(Work required)
Once the line containing "ネイル M* Nailのネイルデザイン" is found, set down that line and each one after it exactly, through the end of the entries.

** Opening Recorded data block **

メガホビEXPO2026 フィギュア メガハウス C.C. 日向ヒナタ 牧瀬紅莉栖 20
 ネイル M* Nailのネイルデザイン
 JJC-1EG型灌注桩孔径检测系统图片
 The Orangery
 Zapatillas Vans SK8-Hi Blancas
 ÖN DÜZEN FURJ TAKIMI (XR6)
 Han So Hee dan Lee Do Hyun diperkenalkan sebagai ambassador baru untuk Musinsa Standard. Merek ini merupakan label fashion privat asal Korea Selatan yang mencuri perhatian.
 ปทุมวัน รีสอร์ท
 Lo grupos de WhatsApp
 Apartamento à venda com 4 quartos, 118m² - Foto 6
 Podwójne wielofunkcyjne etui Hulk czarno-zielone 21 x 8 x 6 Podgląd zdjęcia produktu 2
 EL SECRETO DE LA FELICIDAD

** Closing Recorded data block **

(Response for this exercise)
 ネイル M* Nailのネイルデザイン
 JJC-1EG型灌注桩孔径检测系统图片
 The Orangery
 Zapatillas Vans SK8-Hi Blancas
 ÖN DÜZEN FURJ TAKIMI (XR6)
 Han So Hee dan Lee Do Hyun diperkenalkan sebagai ambassador baru untuk Musinsa Standard. Merek ini merupakan label fashion privat asal Korea Selatan yang mencuri perhatian.
 ปทุมวัน รีสอร์ท
 Lo grupos de WhatsApp
 Apartamento à venda com 4 quartos, 118m² - Foto 6
 Podwójne wielofunkcyjne etui Hulk czarno-zielone 21 x 8 x 6 Podgląd zdjęcia produktu 2
 EL SECRETO DE LA FELICIDAD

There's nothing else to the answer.